Playwright and essayist (Granta, Orion, The Nation) Christian McEwen talks about the guilty pleasures of a new mattress, why women do more housework than men, and the surprising link between hoarding and forgiveness.
Join us as we explore these stories from her new book Legal Tender: Women and the Secret Life of Money. McEwen’s collection of haunting, and sometimes amusing, first-person tales were initially presented as a play. Over several years, she talked to more than 50 women, of different ages and cultural backgrounds about money, “the great dragon in the room,” issues of self-worth and spending and the management of household finances.
What was the inspiration for the project?
“In 2009, I was in a local performance of Eve Ensler’s Vagina Monologues,” says McEwen, “and at the party afterwards I said to one of the actors, ‘What other topic brings up such complicated, contradictory feelings for women besides our vaginas?’ Before I reached the end of the sentence, I thought: Money. I have to do a project about money.’”
Why is this topic so important now?
“My generation — the Boomers — like to feel that we’ve arrived politically, yet in so many ways it feels as if we’re going backwards, and we need these stories of empowerment. We need to hear how other women have managed because the average American woman makes 77 cents to the male dollar.”
From the women’s stories in Legal Tender:
The Bed of Solitude
“One day after Michael and I broke up, I went a bought a brand new bed. The mattress came on New Year’s Eve and I saw how cobwebs had formed around the room. How my bedroom had become sad place. So I lovingly cleaned and after I finished vacuuming and washing things I polished all my furniture with oil and vinegar. The room smelled a little like a salad…”

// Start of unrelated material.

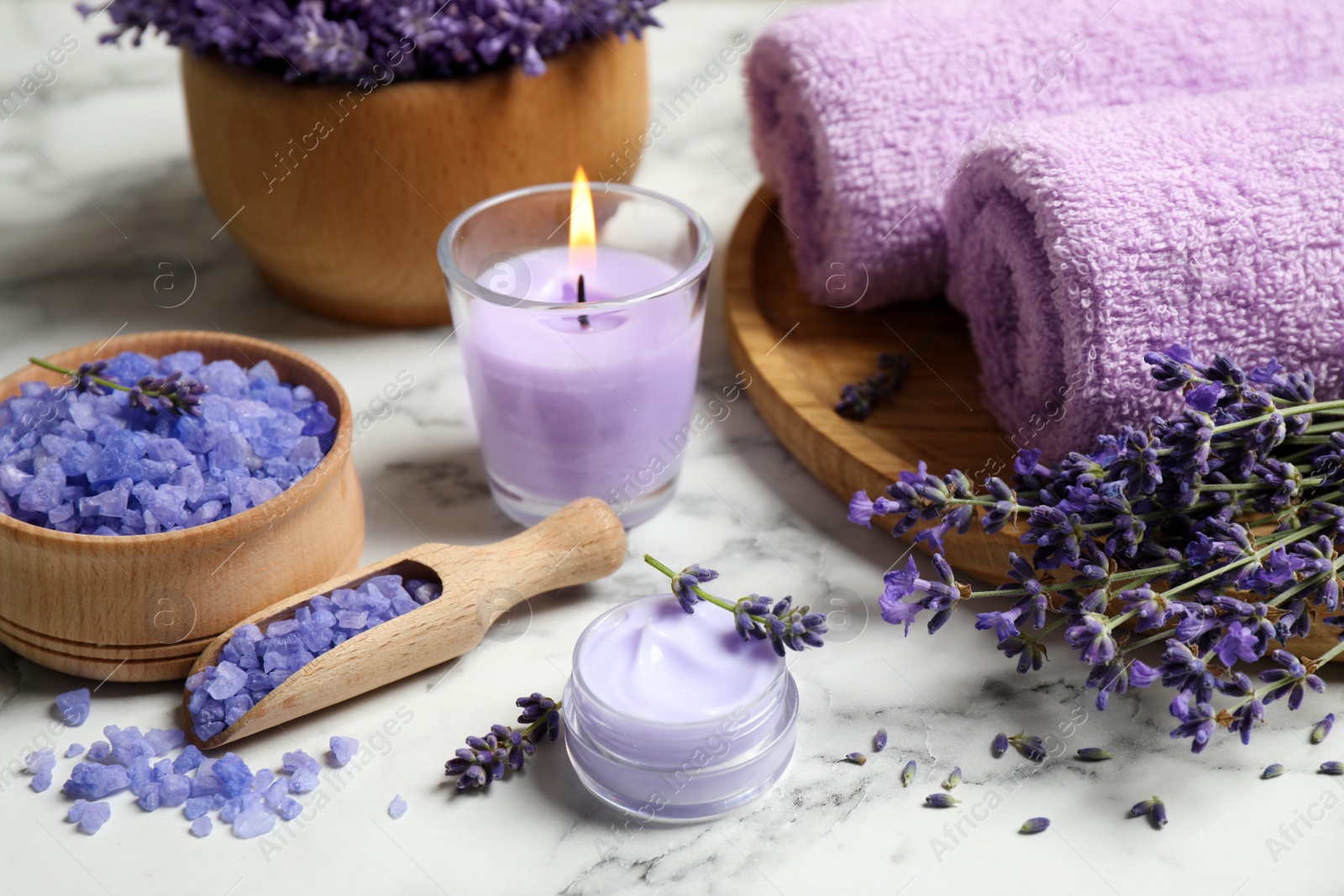 Photo of Cosmetic products and lavender flowers on white marble table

“The biggest struggle in my marriage has been about the division of labor in the household. My husband and I both started out with academic jobs but I decided to negotiate a half-time contract and (ended up) working full-time for half the pay. I was made at my husband for ten years because I did almost all the housework and the little kid work and I couldn’t figure out why he didn’t help more…”
A Hoarding Parent
“My father was a self-made man — a fur trapper and a trader, an auctioneer, and an antiques dealer. He made a lot of money but he lived in squalor. When I was going through his stuff I felt I needed to transform it. So I made altars. And I took all the objects from Africa and wrapped in in red cloth and sent them to all the people I knew of African descent. With the money I found (in envelopes, hidden everywhere), I put my niece through college at Columbia. I’ve been able to travel and to support the people I love to do the things they want to do.”